This train of thought permeated my shots from that point as I tried to find narrative points within the landscape to photograph.  How successful? I’m not sure, but it does provide a characterisation of a landscape that is perhaps too complex to photograph in a general sense.  

1800; Crianlarich - Pub.  Very slow going all day.  Rocky terrain and very up and down.  Covered only 14 miles and am behind schedule.  Forecast for the next two days is heavy rain.  Beginning to wonder if cutting the way short and heading straight to Fort William to use as a base and see what the weather does would be the best course of action.  Ranoch, in heavy and consistent rain will be a slog without anything much to show for it.  If the weather allows I could walk south from Fort William to Lairigmor and double back towards the end of the week.  I think in hindsight the best way to photograph this area would be in a series of circular 1-2 day shoots.  

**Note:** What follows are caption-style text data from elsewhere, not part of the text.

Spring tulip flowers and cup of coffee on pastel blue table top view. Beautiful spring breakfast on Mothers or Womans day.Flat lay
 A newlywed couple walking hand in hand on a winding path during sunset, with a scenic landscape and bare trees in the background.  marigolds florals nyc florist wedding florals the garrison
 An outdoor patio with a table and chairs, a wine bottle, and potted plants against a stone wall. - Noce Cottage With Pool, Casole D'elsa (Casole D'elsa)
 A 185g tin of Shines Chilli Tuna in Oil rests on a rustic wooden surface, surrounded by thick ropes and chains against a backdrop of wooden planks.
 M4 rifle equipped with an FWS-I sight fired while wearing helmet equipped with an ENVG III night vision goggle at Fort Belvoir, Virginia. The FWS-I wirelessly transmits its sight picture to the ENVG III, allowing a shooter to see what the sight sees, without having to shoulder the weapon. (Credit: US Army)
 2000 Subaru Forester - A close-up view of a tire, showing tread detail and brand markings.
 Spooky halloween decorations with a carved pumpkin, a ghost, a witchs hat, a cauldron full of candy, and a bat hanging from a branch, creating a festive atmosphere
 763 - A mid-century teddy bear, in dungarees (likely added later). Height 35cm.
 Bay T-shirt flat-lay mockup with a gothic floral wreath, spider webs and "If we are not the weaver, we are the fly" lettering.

2300; Fort William - Glen Nevis Campsite.  Rain.  A lot of it.  Forecast remains poor for tomorrow.  Aim to stick to the river and photograph the surrounding mountains from tree cover and hopefully will get the occasional break in the rain.  

Although there were some breaks in the rain allowing for misty shots of the surrounding mountains, the weather was pretty foul.  I retreated to the Ben Nevis Inn (one of my favourite places) for some Cullen Skink and planned some different options depending on the weather.  Honestly, I felt quite downhearted at this point as I hadn’t really managed to get any shots I had planned.  Without an intentional pun, the trip was becoming a wash out.  

 

DAY 4

Opt 1 - Ascend Stob Ban.  Distance = 9 miles.  Photographic potential - East over the Mamores.  Thursday PM - Friday AM.  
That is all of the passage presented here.